The Builders and the Butchers: Dead Reckoning

The Builders and the Butchers
Dead Reckoning
Badman
2011-02-22

The first thing you have to get past is the voice. Ryan Sollee’s tremulous warble is a nasal concoction reminiscent of Colin Meloy, though less melodic, more twangy, and inflected with a certain stomach-clenching angst. It is thin and none too steady, and may be an acquired taste. I think of it as something that a listener will decide upon, thumbs-up-or-thumbs-down style, in about ten seconds flat.

If you come down in the thumbs-up camp, then prepare to be delighted for the rest of the trip. The Builders and the Butchers’ latest full length is a joy, a stew of folk-rock fury that’s as much rock as folk, at least as far as attitude goes. This Portland, Oregon-based band shares more than a little with that other one, the Decemberists, in terms of aesthetic and overall sound. The Builders and the Butchers explore a sonically darker, thematically grimmer patch of the universe, though, as unlikely as that might seem.

“I Broke the Vein” kicks off the album with a gloomy dirgelike air that ramps up in tempo and intensity two and a half minutes in. Follow-up number “Rotten to the Core” is a scorcher, with what sounds like bouzouki backing up a frantically strummed guitar, as Sollee’s vocals at their most vitriolic keen above it all. Less successful is the shanty-esque “It Came from the Sea,” a rare moment when the band seems less than inspired. The moment passes quickly, however.

A multitude of instruments lend their voices to the dense sonic stew on this record, with slide guitar, banjo, organ and violin filling out the basic drums/bass/guitar/voice template. For the most part the sounds are warm, organic and full, but this doesn’t mean they are particularly pretty or sweet. Sollee’s tortured vocals make sure of that, but so too does the on-target drumming of Ray Rude and Brandon Hafer (both are credited) and song structures whose dynamics rise and fall and whose tempos speed up and slow down.

The intensity remains throughout the middle of the record, as midtempo songs like “Moon Is on the March” and “Cradle on Fire” keep the momentum chugging along. “We All Know the Way” trades acoustic rhythms for scratchy guitars and repeated lyric lines as it follows a jittery proto-blues opening to its foot-stomping conclusion.

As if that weren’t enough, the album gets stronger as it goes along. The second half is every bit as strong as the first, with the minor exception of “Blood for You”, whose 82 seconds of drum-banging and hollering would have been better left in the studio archives.
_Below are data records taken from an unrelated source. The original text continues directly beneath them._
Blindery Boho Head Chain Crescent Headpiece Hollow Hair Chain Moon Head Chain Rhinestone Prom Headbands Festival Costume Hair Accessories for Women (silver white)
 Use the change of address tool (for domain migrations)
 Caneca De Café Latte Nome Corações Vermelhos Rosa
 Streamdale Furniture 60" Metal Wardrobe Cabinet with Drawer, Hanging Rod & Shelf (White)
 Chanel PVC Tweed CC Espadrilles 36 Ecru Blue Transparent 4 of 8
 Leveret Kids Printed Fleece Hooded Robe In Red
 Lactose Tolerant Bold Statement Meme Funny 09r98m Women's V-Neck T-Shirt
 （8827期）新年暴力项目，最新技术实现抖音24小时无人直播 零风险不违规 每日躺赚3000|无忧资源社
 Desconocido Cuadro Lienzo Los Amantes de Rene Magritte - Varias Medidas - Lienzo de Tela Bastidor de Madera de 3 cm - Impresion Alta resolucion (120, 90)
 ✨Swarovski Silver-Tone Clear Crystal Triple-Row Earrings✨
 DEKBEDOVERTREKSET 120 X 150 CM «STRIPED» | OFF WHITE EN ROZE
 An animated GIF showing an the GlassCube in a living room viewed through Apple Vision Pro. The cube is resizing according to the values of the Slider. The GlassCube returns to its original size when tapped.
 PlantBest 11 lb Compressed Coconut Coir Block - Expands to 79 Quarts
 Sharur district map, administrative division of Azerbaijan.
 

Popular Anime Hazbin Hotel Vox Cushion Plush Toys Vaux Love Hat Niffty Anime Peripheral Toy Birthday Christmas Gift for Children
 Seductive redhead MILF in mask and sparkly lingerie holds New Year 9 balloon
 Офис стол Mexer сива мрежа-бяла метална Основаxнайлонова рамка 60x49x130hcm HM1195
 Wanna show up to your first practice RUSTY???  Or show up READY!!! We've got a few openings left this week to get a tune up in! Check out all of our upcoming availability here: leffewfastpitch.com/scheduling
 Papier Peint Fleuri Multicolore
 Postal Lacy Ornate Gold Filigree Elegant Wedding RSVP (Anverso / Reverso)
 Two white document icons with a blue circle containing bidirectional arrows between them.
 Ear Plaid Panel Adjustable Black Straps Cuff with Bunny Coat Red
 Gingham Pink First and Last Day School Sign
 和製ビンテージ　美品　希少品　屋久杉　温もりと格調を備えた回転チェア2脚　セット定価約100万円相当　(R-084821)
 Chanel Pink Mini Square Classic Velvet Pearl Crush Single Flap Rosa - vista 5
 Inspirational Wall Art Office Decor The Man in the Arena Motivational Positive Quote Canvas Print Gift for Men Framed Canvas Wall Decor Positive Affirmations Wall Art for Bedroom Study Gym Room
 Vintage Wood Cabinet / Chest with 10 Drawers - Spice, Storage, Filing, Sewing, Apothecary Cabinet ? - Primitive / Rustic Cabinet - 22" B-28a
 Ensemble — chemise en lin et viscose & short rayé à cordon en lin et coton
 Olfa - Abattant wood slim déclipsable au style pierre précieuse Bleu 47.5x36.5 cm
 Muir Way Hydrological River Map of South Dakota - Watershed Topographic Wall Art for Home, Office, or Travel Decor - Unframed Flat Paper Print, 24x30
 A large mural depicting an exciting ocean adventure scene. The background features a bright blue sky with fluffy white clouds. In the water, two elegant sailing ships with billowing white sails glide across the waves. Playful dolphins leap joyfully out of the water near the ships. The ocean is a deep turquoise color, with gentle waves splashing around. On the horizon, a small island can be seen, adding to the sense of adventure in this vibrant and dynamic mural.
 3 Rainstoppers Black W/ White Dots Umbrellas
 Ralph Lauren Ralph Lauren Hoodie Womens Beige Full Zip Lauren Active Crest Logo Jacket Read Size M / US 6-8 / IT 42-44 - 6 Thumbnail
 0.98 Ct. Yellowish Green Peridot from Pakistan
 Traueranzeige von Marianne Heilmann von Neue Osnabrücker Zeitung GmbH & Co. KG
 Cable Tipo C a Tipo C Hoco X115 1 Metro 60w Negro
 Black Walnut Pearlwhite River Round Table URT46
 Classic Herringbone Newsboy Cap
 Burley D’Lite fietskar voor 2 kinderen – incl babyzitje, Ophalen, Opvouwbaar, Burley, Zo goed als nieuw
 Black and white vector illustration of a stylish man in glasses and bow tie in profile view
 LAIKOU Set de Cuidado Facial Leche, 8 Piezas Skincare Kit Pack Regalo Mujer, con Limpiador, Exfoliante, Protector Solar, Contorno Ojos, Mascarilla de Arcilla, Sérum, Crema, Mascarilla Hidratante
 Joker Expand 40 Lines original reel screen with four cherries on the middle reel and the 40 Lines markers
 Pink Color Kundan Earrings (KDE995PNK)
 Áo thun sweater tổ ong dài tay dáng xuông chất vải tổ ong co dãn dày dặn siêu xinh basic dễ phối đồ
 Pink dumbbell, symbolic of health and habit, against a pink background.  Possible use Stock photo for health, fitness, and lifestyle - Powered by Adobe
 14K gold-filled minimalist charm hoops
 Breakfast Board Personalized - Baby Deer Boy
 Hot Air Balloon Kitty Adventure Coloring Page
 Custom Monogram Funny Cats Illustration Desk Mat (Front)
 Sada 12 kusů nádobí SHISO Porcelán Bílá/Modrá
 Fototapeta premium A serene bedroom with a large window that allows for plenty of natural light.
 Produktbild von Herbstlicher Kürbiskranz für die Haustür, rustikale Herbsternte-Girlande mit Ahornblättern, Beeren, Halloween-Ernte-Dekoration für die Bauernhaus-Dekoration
But the jauntily raucous “Black Elevator” and the gospel-inflected, thoroughly furious “Family Tree” are the two best songs here, and they close out the record strongly.

The band’s previous album, 2009’s Salvation Is a Deep Dark Well, earned the band some good reviews, but not as much exposure as it deserved. With any justice, this new record will set that right. Dead Reckoning deserves to be heard by anyone with an interest in the ongoing evolution of rock music, or the darker side of the folk songbook, or just great songs played with power and conviction.